John Rooke, in 1824, made a somewhat similar proposal, which was not guilty, however, of the crucial omission in Booth's scheme of any plan for the regulation of the paper money issues.20 Rooke advocated a convertible paper currency so regulated in its amount as to have stable purchasing power. He proposed that, as the purchasing power of the paper currency increased, the amount of paper money should be increased, and vice versa. The market price of gold in paper should be permitted to fluctuate freely, but convertibility of the paper currency should be maintained by changing the value in shillings or the denominations of the gold coins whenever necessary. The paper money would thus have a constant purchasing power, but the gold coins would have a variable value both in shillings and in general purchasing power. Rooke preferred, as the criterion for stabilization of the purchasing power of the currency, the “annual price of farm labor” to the price of any other commodity or set of commodities, because it has few or no short-term fluctuations.

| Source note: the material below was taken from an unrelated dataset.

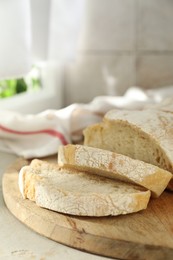 Photo of Freshly baked sourdough bread on light table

But he conceded that “the prices of other things might be taken into account as well as labor, if doing so would give more exactness to the exchangeable value of the currency.” 21

Henry James, in 1818, advocated continuance of the Bank Restriction in order to avoid deflation.22 In 1820 he recommended stabilization of the purchasing power of the currency in terms of wheat and agricultural labor, but did not make any concrete suggestions as to the method of stabilization.23

Joplin was in general a strong adherent of a metallic standard currency, but he nevertheless recommended that gold payments should be stopped temporarily during periods of crop shortages, if otherwise the external drains of gold would result in sharp declines in prices.24

[1]Bullion Report, p. 74.

[2]Huskisson, The question concerning the depreciation of our currency stated, 1810, p. 18.

[3]“The hint thrown out of altering the mint price to the market price of gold, or, in other words, declaring that 3 1. 17 s. 10½ d. in coin, shall pass for 4 1. 13 s., besides its shocking injustice would only aggravate the evil of which I complain. This violent remedy would raise the market price of gold 20 per cent above the new mint price, and would further lower the value of bank notes in the same proportion.” Three letters on the price of gold [1809], J. H. Hollander, ed., 1903, p. 18.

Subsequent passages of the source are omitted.